» **HOW TO COMPLETE THIS TASK**
Could you copy exactly the lines below from the one with "Princess Auto 10" to the one with "Бесплатная доставка браслет", inclusive, leaving out any pictures?

» **STORED DATA**

____

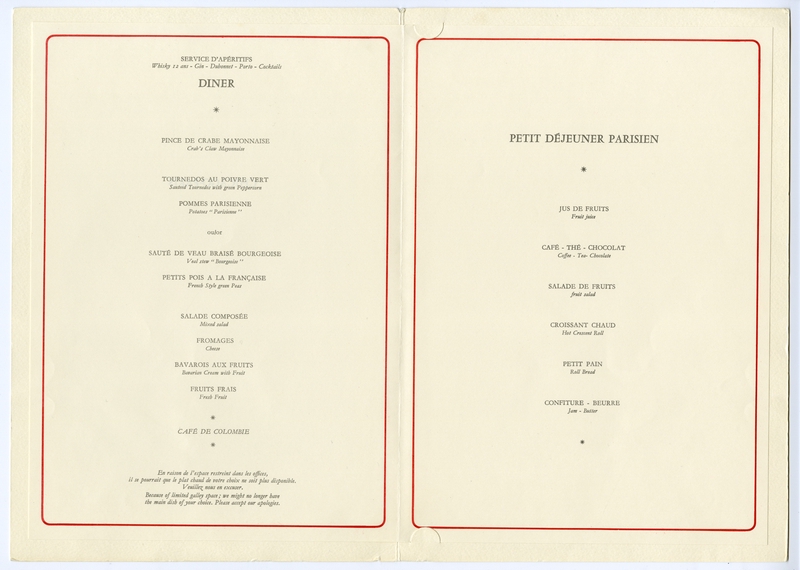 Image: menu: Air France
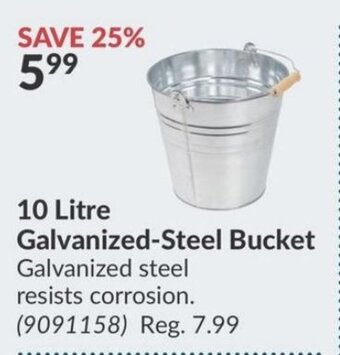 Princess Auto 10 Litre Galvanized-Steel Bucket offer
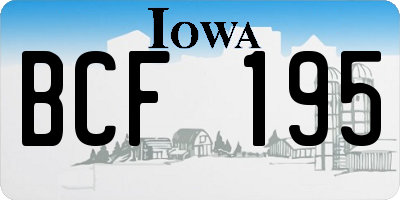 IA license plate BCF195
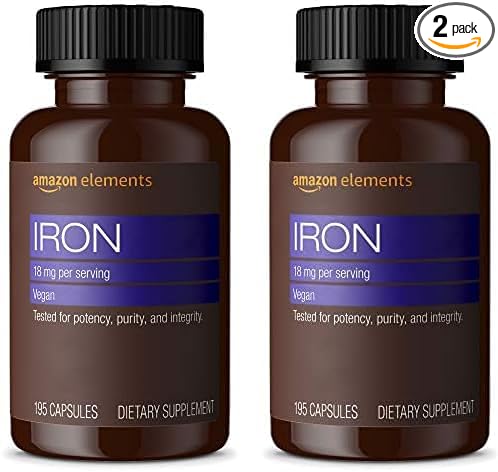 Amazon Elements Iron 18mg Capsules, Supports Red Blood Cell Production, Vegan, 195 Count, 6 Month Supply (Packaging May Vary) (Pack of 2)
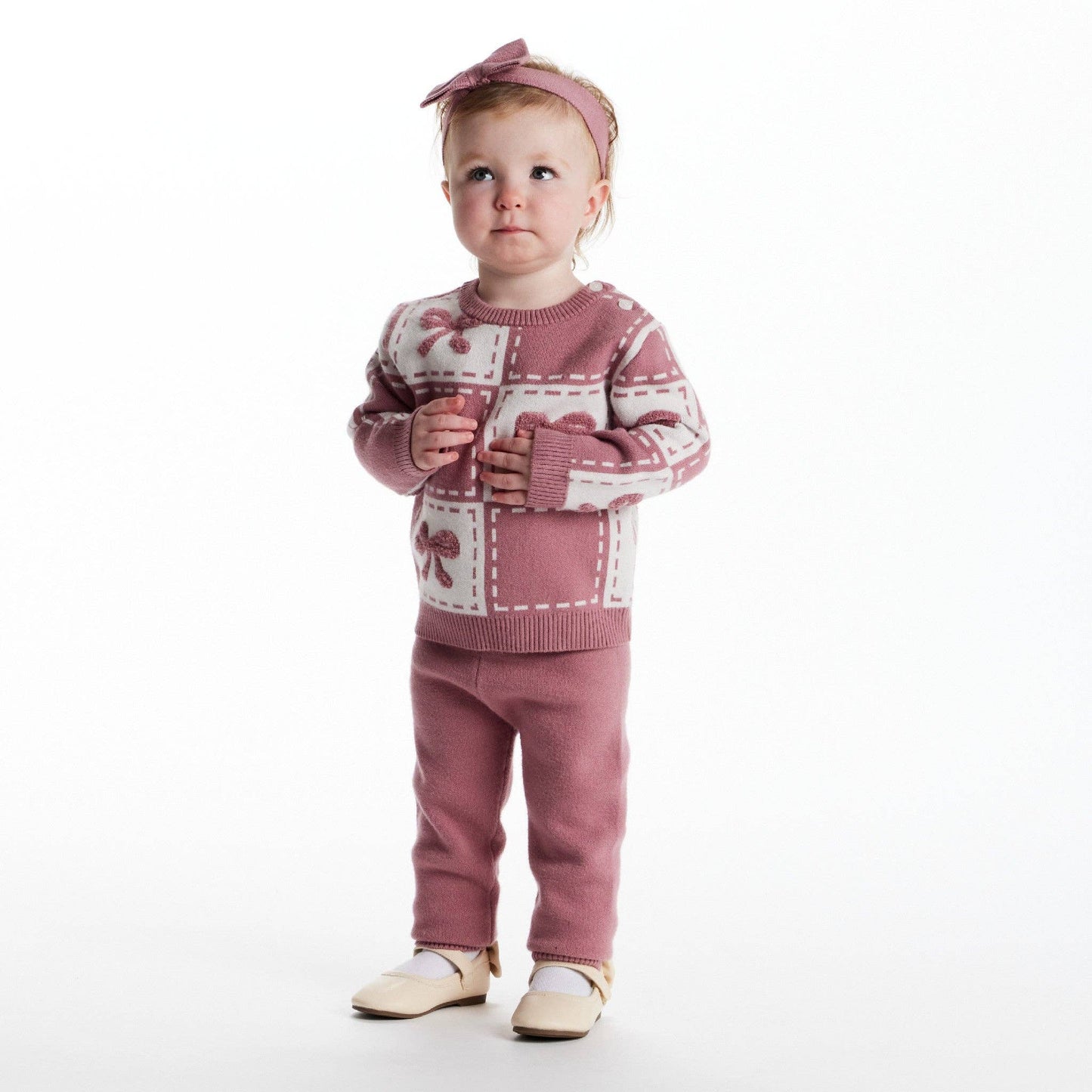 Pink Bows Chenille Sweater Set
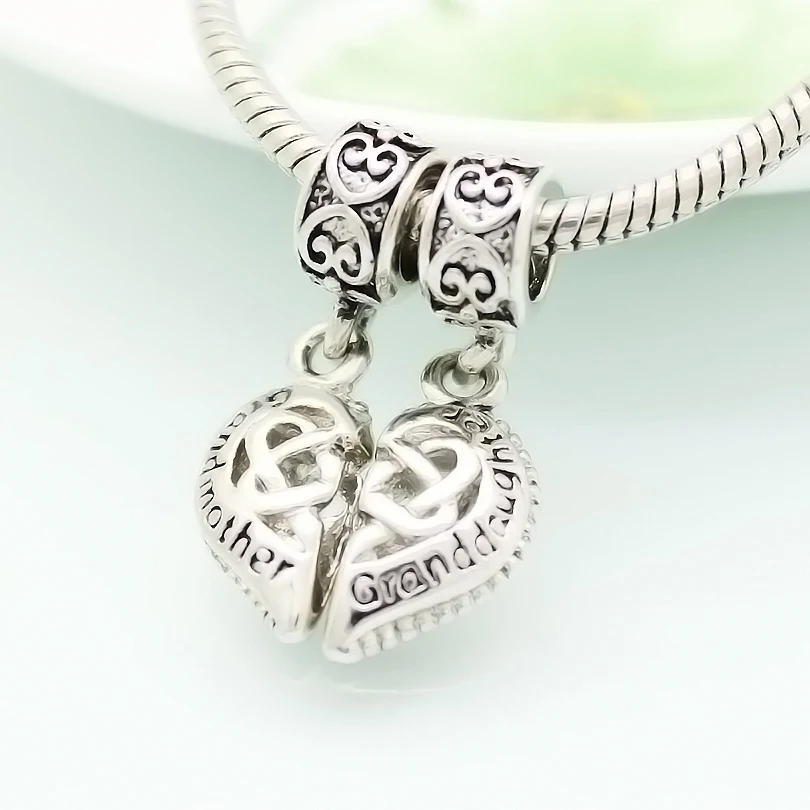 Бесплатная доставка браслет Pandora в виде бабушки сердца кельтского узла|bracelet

____

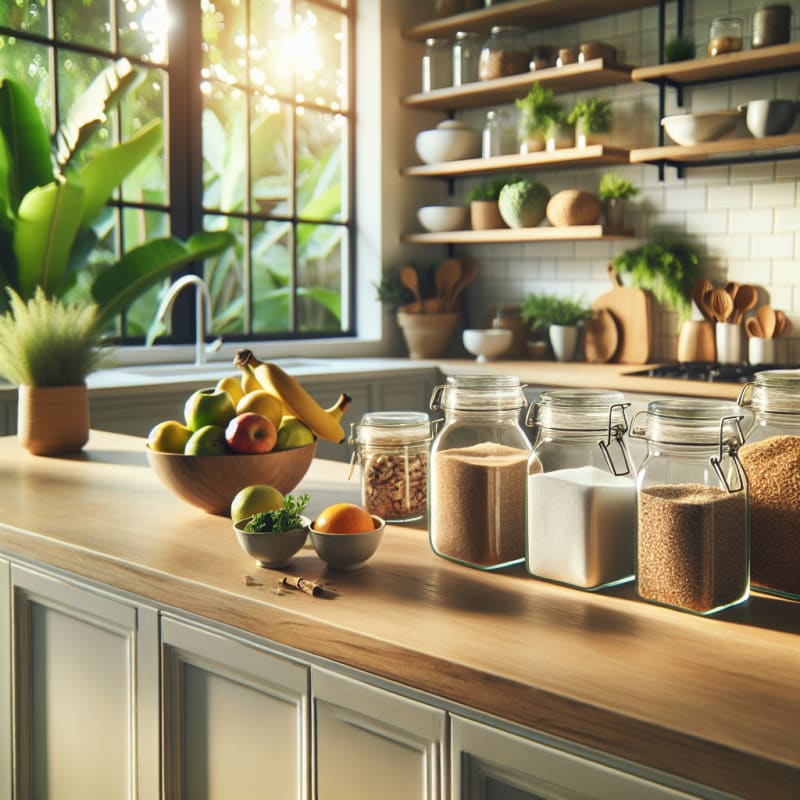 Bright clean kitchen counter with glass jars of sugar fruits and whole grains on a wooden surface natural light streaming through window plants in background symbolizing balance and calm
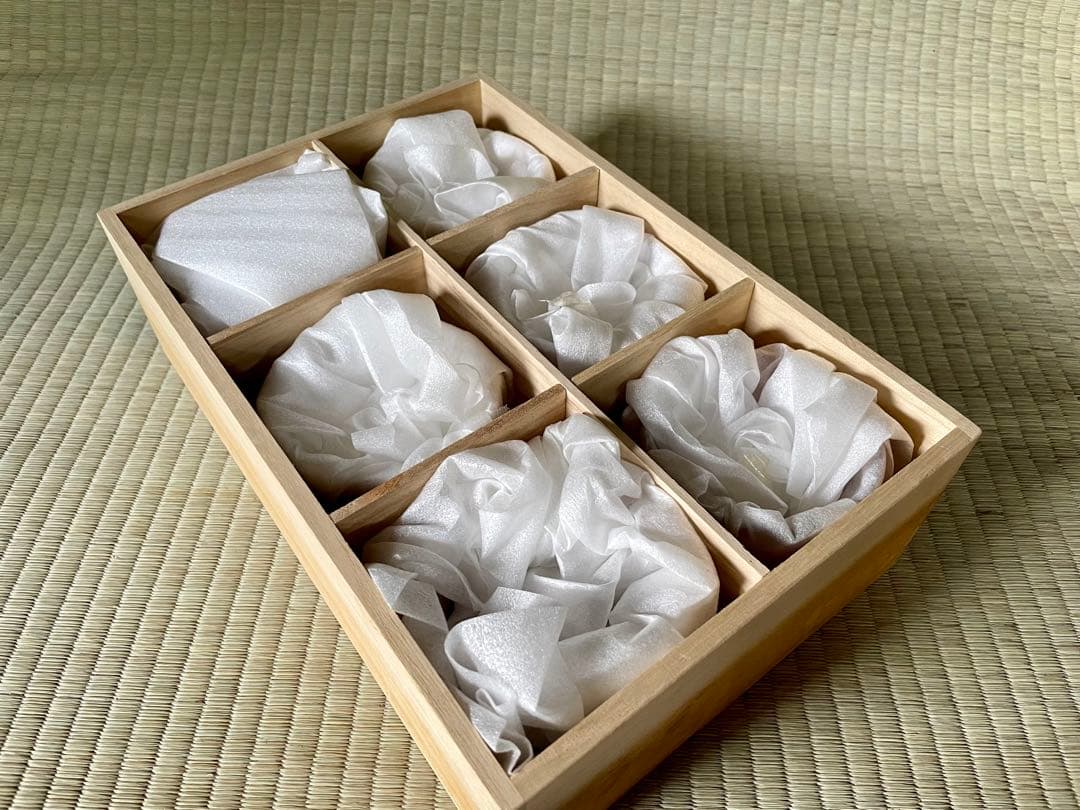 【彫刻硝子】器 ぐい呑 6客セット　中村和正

____

» **RESPONSE FOR THIS EXERCISE**
 Princess Auto 10 Litre Galvanized-Steel Bucket offer
 IA license plate BCF195
 Amazon Elements Iron 18mg Capsules, Supports Red Blood Cell Production, Vegan, 195 Count, 6 Month Supply (Packaging May Vary) (Pack of 2)
 Pink Bows Chenille Sweater Set
 Бесплатная доставка браслет Pandora в виде бабушки сердца кельтского узла|bracelet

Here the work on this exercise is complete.